## Problem details
When you transcribe the lines below, keep every word the same and leave the pictures behind.

## Working data

=-=-=-=-=

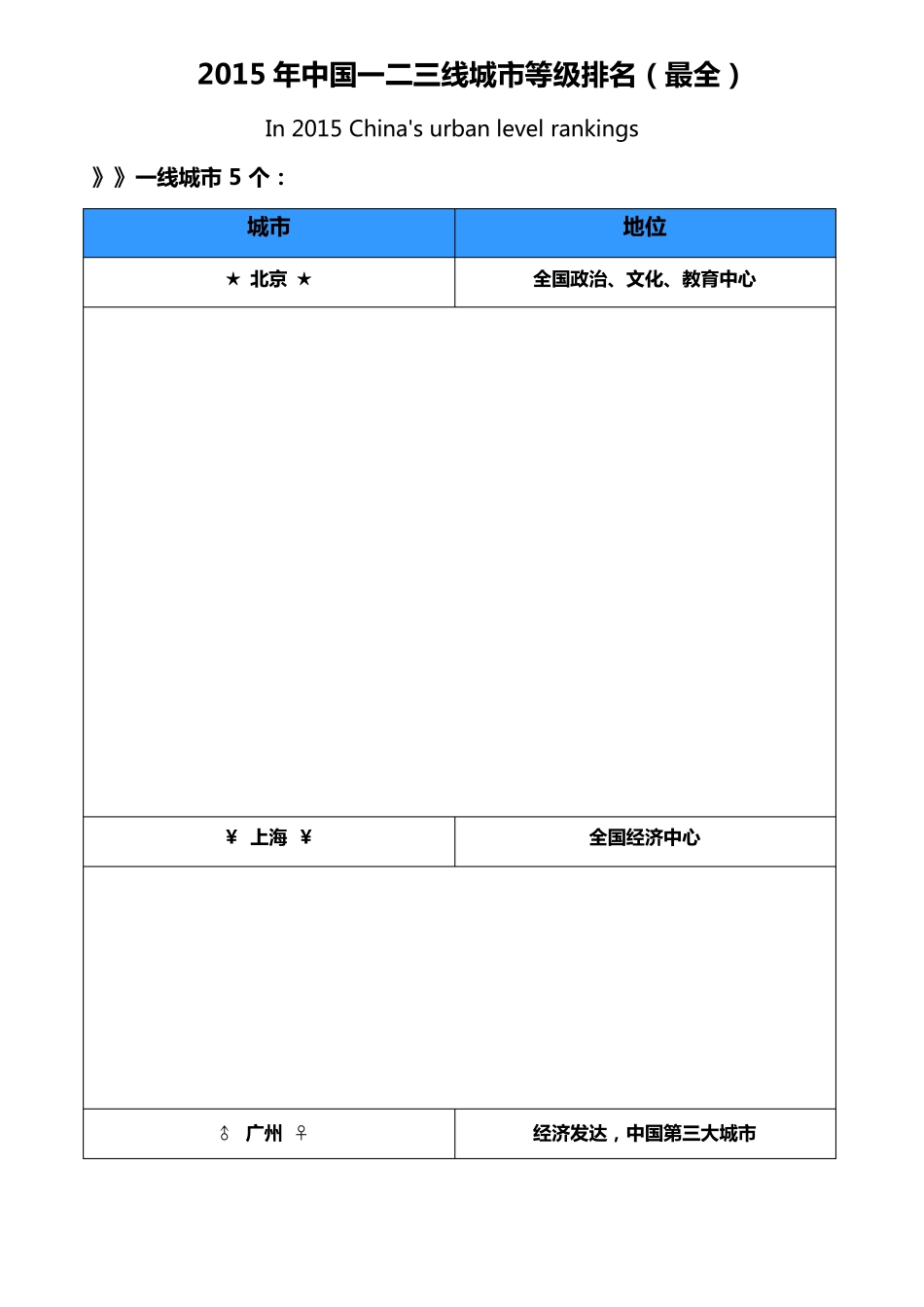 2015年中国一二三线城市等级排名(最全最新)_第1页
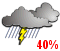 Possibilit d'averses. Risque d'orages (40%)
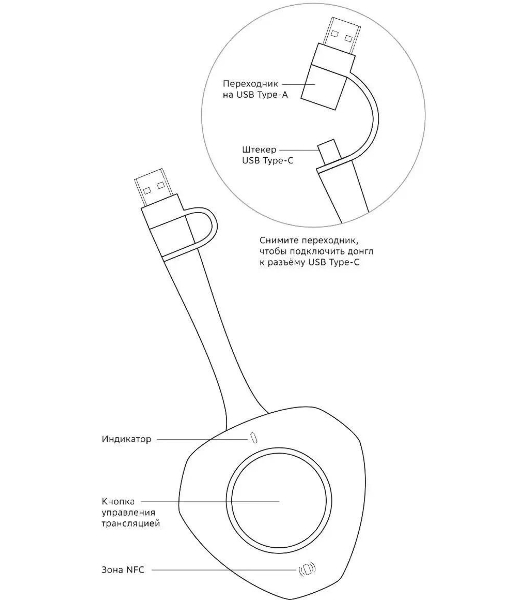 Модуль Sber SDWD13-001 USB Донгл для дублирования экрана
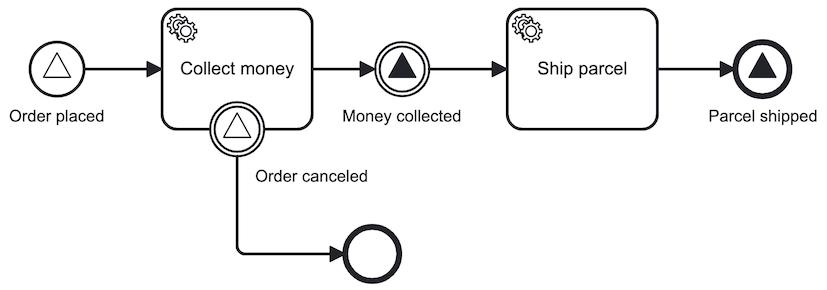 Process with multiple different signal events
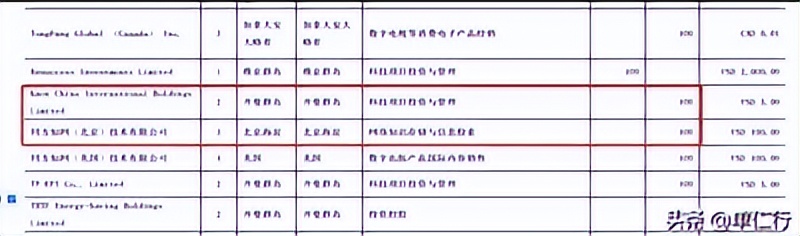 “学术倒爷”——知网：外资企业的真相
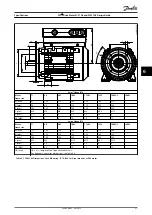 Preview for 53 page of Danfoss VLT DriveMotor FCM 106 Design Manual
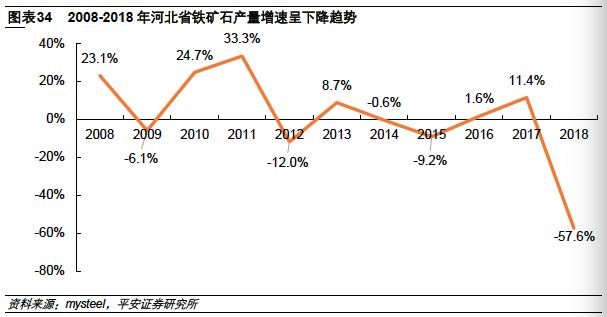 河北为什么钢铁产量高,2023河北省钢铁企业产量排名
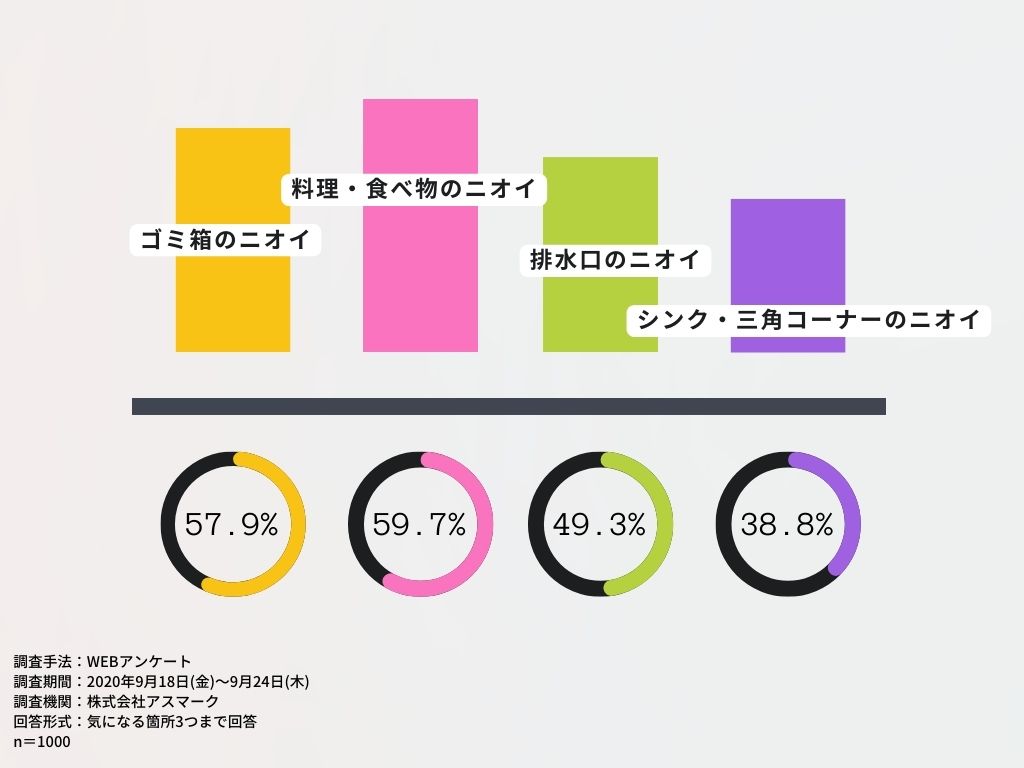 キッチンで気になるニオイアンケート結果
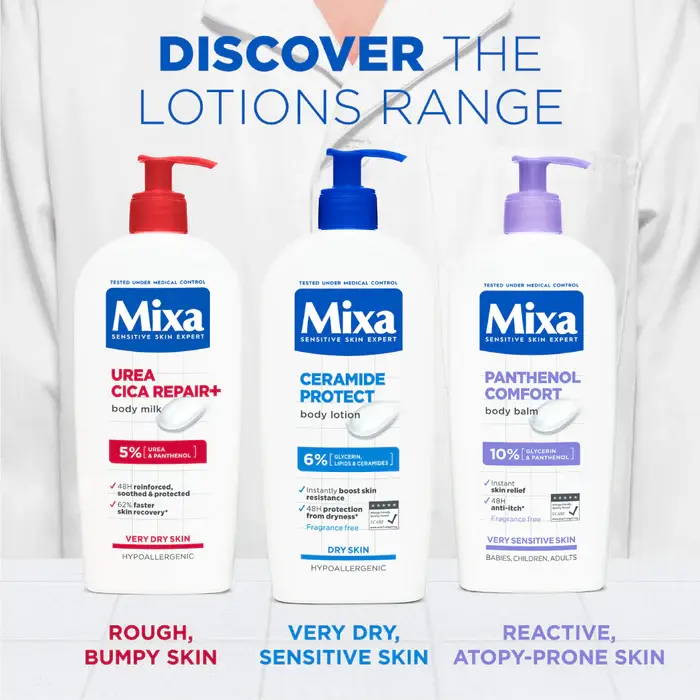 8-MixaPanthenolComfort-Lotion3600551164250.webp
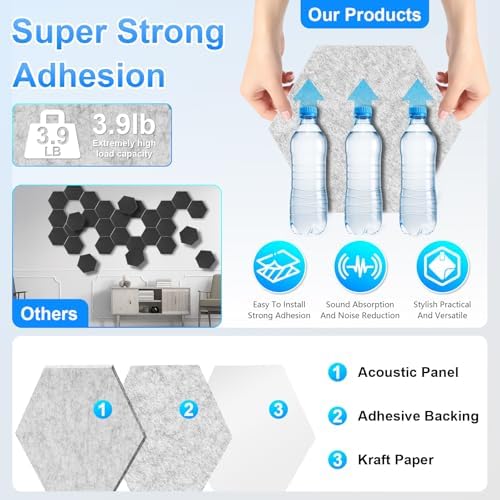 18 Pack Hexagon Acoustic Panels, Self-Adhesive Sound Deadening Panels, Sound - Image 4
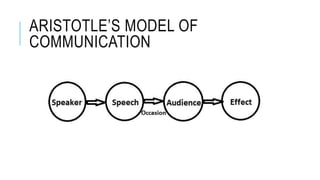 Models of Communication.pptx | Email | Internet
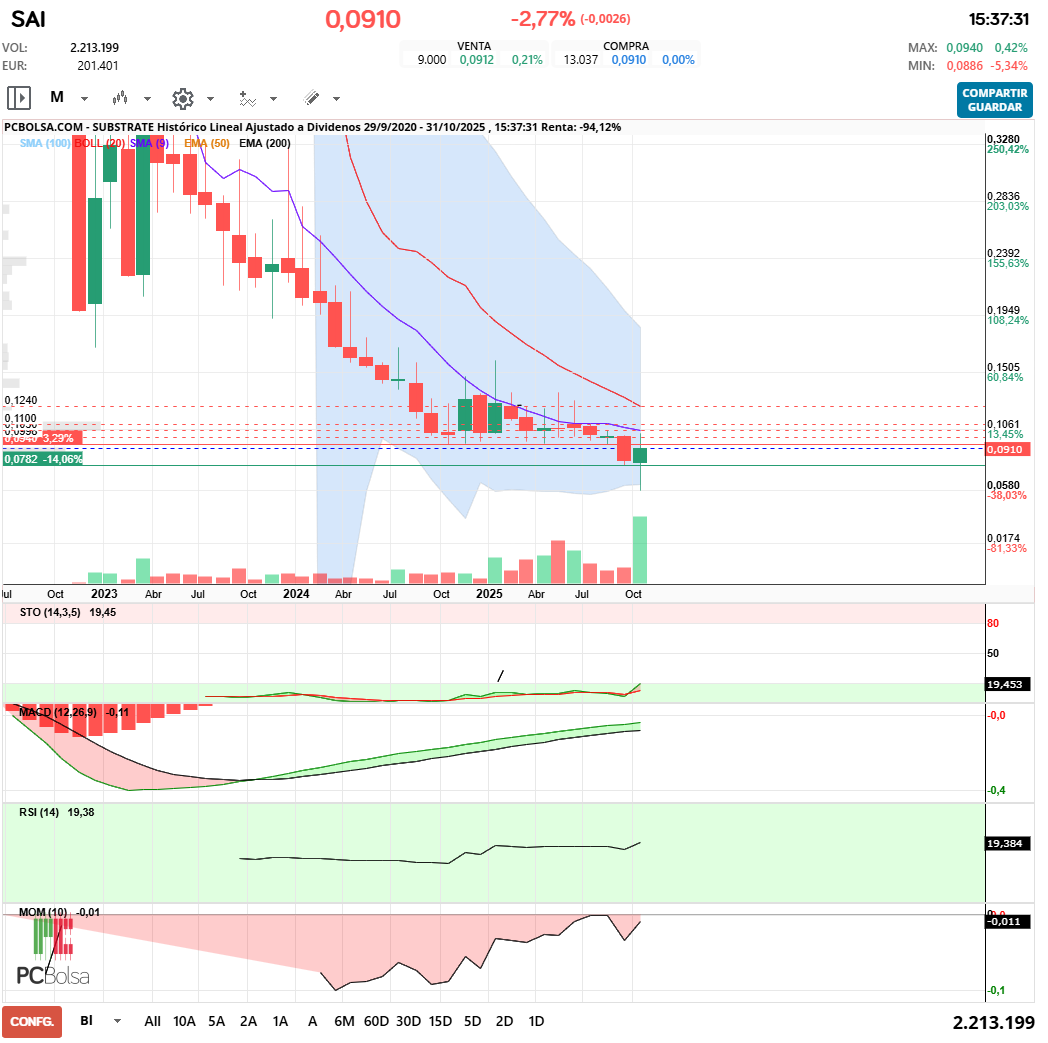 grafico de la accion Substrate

=-=-=-=-=

## Final answer
 2015年中国一二三线城市等级排名(最全最新)_第1页
 Possibilit d'averses. Risque d'orages (40%)
 Модуль Sber SDWD13-001 USB Донгл для дублирования экрана
 Process with multiple different signal events
 “学术倒爷”——知网：外资企业的真相
 Preview for 53 page of Danfoss VLT DriveMotor FCM 106 Design Manual
 河北为什么钢铁产量高,2023河北省钢铁企业产量排名
 キッチンで気になるニオイアンケート結果
 8-MixaPanthenolComfort-Lotion3600551164250.webp
 18 Pack Hexagon Acoustic Panels, Self-Adhesive Sound Deadening Panels, Sound - Image 4
 Models of Communication.pptx | Email | Internet
 grafico de la accion Substrate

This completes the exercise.